June 23, 2001 Minister’s Message

Dear Friends,

I am getting set for a vacation, and I really need it. This has been a tough year—more uncertain, more tumultuous, more painful than the average one. I feel the losses of our congregation—Hal Walberg and Jan Klages. I feel the losses of our larger world—millions died of COVID, and the pandemic is still not fully contained. I feel the loss of my father, which makes me both feel closer to all of you in your losses of family and friends as well as long for the companionship of my own family and friends. And so, I head East to do some healing.

I won’t be “cured” of these feelings of loss, neither by time nor by taking a break. The feelings of loss will not go away or lessen. I won’t toughen my skin to battle away any further hurt. I don’t wish to be cured. I can’t imagine wanting to feel less grief for all the unnecessary deaths, for all the injustice and oppression uncovered, for facing the reality of no more conversations or football games with my dad. I don’t want to feel less grief, because grief tells me that I care, that I am engaged in the reality of our living, with all of its pain. Grief tells me that I love and I feel and I am an embodied being connected to all that is.

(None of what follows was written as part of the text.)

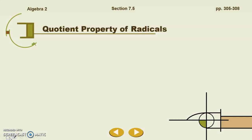Our lesson objective for today is that you will divide radical expressions, divide exponential expressions, and rationalize radical expressions. So there are three things that we are doing: dividing radicals, dividing exponents, and rationalizing.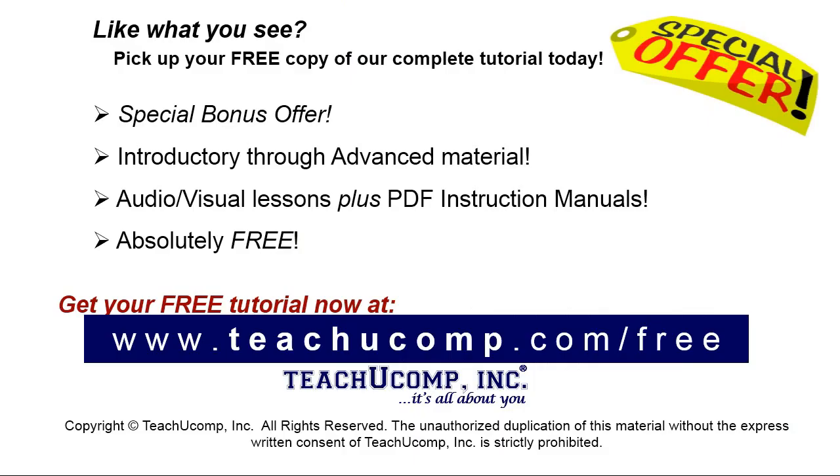Like what you see? Pick up your free copy of the complete tutorial at www.teachyoucomp.com forward slash free.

Grief reminds me that I am tender and willing to risk the suffering that relationship brings. And, I will seek a space of calm and reflection in environments where I am safe and secure. I will heal as I remain aware not only of the grief but of the joy and mystery of living as well. I will practice awareness, release much of the busy-ness of work, and take the time I rarely grant myself while serving our congregation. I know many of you do not have the luxury of time and spaciousness you grant me. I am grateful to you, to this congregation, for its generosity.

May you give yourself time, even small and brief moments, just to gaze into the middle space and relax your muscles so your mind can follow, your heart connecting you to me and to all, as you remember, today and every day, that you are loved, you are worthy, we are welcome, and you are needed. May you feel it so, and may it be so.